In particular, this module defines a :type:`dlog_precomp_t` structure
permitting to describe a discrete log problem in some subgroup
of `(\mathbb Z/p^e \mathbb Z)^\times` for primepower moduli `p^e`,
and store precomputed data for faster computation of several such
discrete logarithms.
When initializing this data, the user provides both a group description and the expected
number of subsequent discrete logarithms calls. The choice of algorithm and
the amount of stored data depend both on the structure of the group and this number.
No particular effort has been made towards single discrete logarithm
computation. Currently only machine size primepower moduli
are supported.
Types, macros and constants
-------------------------------------------------------------------------------
.. macro:: DLOG_NONE
Return value when the discrete logarithm does not exist
.. type:: dlog_precomp_struct
.. type:: dlog_precomp_t
Structure for discrete logarithm precomputed data.
A :type:`dlog_precomp_t` is defined as an array of length one of type
:type:`dlog_precomp_struct`, permitting a :type:`dlog_precomp_t` to be passed by
reference.
Single evaluation
-------------------------------------------------------------------------------
.. function:: ulong dlog_once(ulong b, ulong a, const nmod_t mod, ulong n)
Return `x` such that `b = a^x` in `(\mathbb Z/mod \mathbb Z)^\times`,
where *a* is known to have order *n*.
Precomputations
-------------------------------------------------------------------------------
.. function:: void dlog_precomp_n_init(dlog_precomp_t pre, ulong a, ulong mod, ulong n, ulong num)

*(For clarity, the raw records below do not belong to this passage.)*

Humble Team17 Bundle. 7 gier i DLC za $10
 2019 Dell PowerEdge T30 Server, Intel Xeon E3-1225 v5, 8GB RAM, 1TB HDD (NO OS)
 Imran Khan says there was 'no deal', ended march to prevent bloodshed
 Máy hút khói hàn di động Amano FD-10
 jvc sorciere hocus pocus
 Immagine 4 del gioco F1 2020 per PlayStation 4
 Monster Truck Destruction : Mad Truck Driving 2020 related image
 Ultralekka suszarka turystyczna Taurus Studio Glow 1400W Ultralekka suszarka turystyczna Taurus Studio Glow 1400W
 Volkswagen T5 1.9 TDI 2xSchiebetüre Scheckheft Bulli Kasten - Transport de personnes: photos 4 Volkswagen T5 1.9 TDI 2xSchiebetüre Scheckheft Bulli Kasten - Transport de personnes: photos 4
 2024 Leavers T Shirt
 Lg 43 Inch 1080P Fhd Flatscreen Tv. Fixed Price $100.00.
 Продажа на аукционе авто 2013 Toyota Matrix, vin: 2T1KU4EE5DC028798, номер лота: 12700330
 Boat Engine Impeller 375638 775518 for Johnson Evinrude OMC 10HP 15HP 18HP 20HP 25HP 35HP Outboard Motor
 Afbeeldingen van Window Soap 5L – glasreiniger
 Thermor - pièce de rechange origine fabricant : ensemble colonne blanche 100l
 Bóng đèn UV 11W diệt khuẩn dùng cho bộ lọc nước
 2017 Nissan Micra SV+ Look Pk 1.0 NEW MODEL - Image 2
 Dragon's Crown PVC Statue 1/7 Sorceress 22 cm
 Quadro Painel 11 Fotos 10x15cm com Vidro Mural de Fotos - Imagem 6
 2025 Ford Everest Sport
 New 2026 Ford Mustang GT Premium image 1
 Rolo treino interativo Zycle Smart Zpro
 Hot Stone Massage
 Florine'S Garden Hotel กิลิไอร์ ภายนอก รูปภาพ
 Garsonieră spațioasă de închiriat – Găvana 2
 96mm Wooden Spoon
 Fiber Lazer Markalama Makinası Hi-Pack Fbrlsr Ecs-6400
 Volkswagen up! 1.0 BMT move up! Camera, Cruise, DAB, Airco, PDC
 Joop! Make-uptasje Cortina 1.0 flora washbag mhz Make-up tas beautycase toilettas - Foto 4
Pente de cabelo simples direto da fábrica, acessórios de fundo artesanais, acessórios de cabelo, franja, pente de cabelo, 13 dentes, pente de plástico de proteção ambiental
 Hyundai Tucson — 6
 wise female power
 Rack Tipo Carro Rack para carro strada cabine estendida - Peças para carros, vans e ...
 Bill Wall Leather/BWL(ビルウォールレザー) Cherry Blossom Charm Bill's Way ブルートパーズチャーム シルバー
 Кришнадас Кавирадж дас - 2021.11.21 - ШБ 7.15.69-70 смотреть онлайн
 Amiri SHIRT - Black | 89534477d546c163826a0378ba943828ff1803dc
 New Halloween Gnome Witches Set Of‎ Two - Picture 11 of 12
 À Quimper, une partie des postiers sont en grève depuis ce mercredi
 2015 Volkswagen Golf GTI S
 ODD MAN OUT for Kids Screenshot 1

Precompute data for *num* discrete logarithms evaluations in the subgroup generated
by *a* modulo *mod*, where *a* is known to have order *n*.
.. function:: ulong dlog_precomp(const dlog_precomp_t pre, ulong b)
Return `\log(b)` for the group described in *pre*.
.. function:: void dlog_precomp_clear(dlog_precomp_t pre)
Clears *t*.
Specialized versions of :func:`dlog_precomp_n_init` are available when specific information
is known about the group:
.. function:: void dlog_precomp_modpe_init(dlog_precomp_t pre, ulong a, ulong p, ulong e, ulong pe, ulong num)
Assume that *a* generates the group of residues modulo *pe* equal `p^e` for
prime *p*.
.. function:: void dlog_precomp_p_init(dlog_precomp_t pre, ulong a, ulong mod, ulong p, ulong num)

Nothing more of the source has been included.